QoD is becoming more important with deployment ML in production, and project SAPPAN contributes to this topic.
The main prerequisite for any ML model is the input dataset that is used for training. If the input dataset contains mistakes and irrelevant data, the ML model cannot work correctly too. Moreover, the network traffic domain is a dynamic environment where patterns can change dynamically over time, and each network is also different. Therefore we need to take care of our datasets, measure their quality and improve them if necessary.
Currently, many authors publish public datasets but with limited descriptions. Therefore, we need to primarily trust the author’s reputation instead of verifying its quality for our network. The decision if we can use the available public dataset or create our own is repeated anytime we want to use the ML algorithm. This decision is not easy since there is no standardized way to evaluate the QoD.
Our recent study [1] is focused on initial definitions of dataset quality and proposes a novel framework to assess dataset quality.
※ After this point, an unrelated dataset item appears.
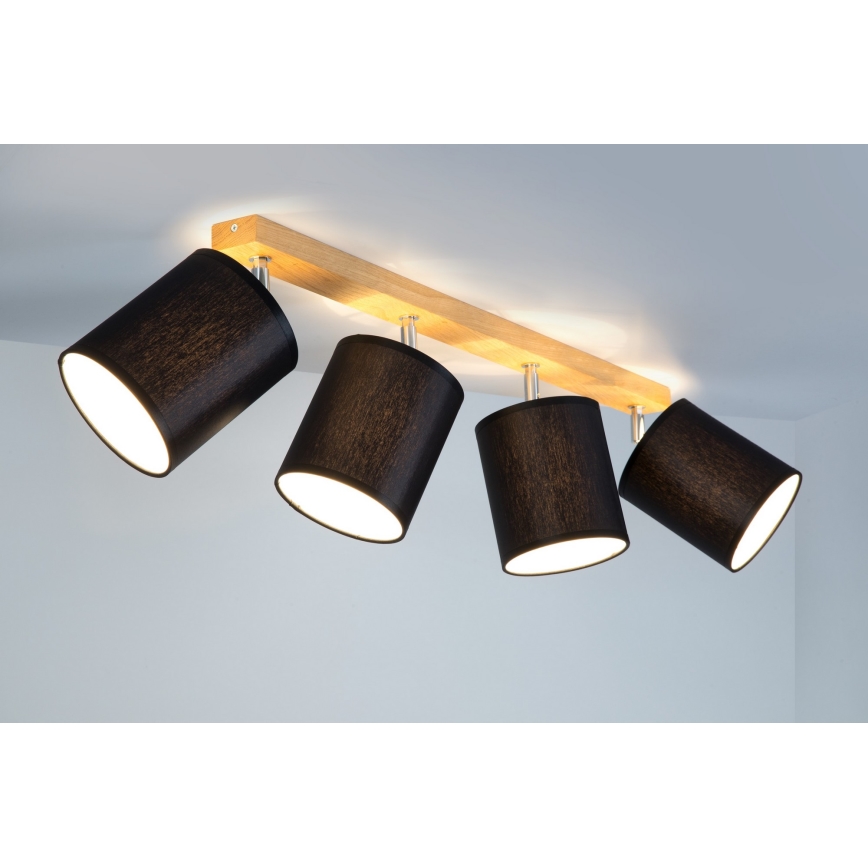 Foco APRILLIA 4xE27/25W/230V roble negro - Certificado FSC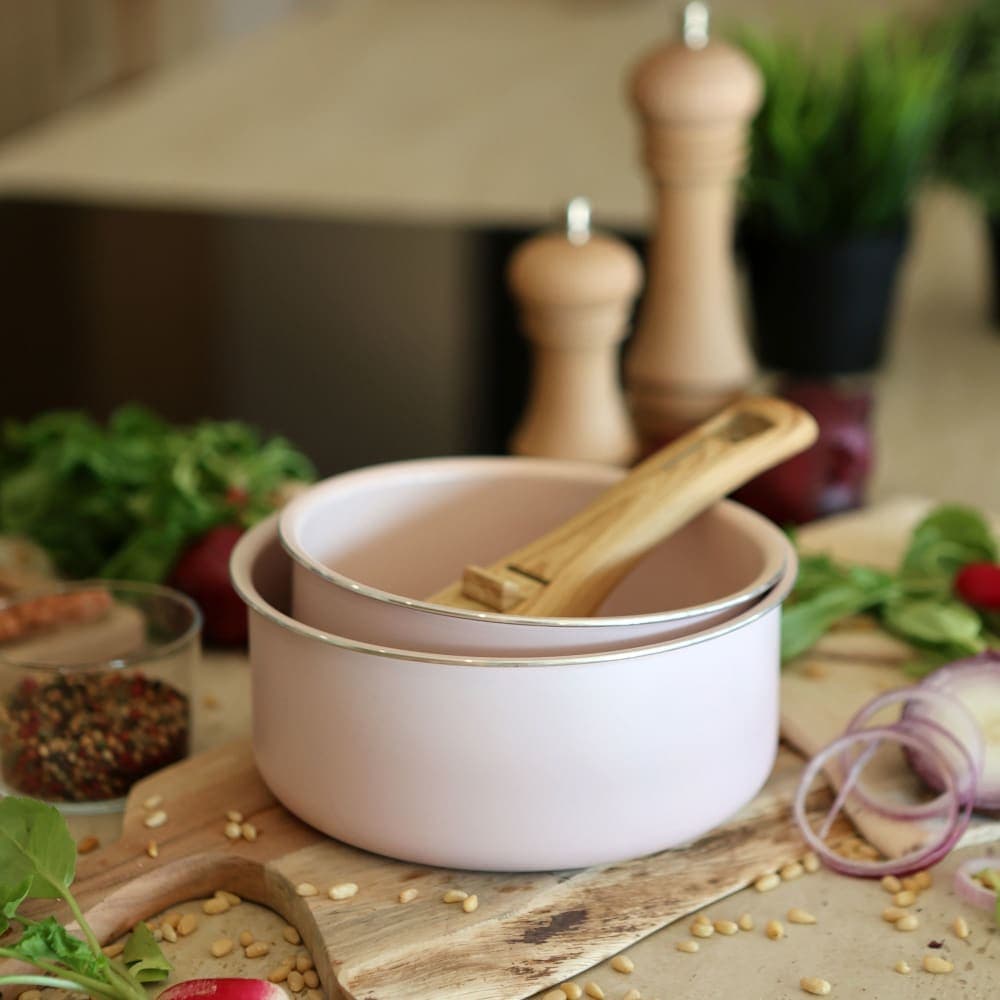 Lot de 2 casseroles roses en céramique - Idéal pour tous feux - image 2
We introduce the following definitions that we are missing for standardized description of dataset quality: Good Dataset, Better Dataset, and Minimal Dataset. In Figure 1. you can see the high level architecture of our novel framework that we used for experiments to measure datasets quality.
The aim of this framework is to find weaknesses and evaluate the quality of datasets with respect to the particular environment and domain. At the first stage, input datasets are statically tested to do an initial check of dataset format and Good dataset conditions. The second stage (Weakness analysis) is doing a dynamic evaluation of the dataset. Together with input metadata about the domain and ML model, we generate different datasets to see their bias. In the last stage, we compare different versions of generated datasets and optionally input datasets with each other to identify a better dataset. The output of the proces is a quality report with results, recommendations, and further optimization.
In the next steps, we would like to focus on the generation of datasets and the annotation pipeline that will automatically and continuously build our datasets and evaluate dataset quality. It is more important to generate and optimize a dataset for each target network than to leverage untrusted public datasets that do not have to match the patterns in our network. We are looking forward to pursuing the planned experiments and sharing our results.
References:
[1] D. Soukup, P. Tisovčík, K. Hynek, T. Čejka: “Towards Evaluating Quality of Datasets for Network Traffic Domain”, 17th International Conference on Network and Service Management (CNSM), 2021. To be published.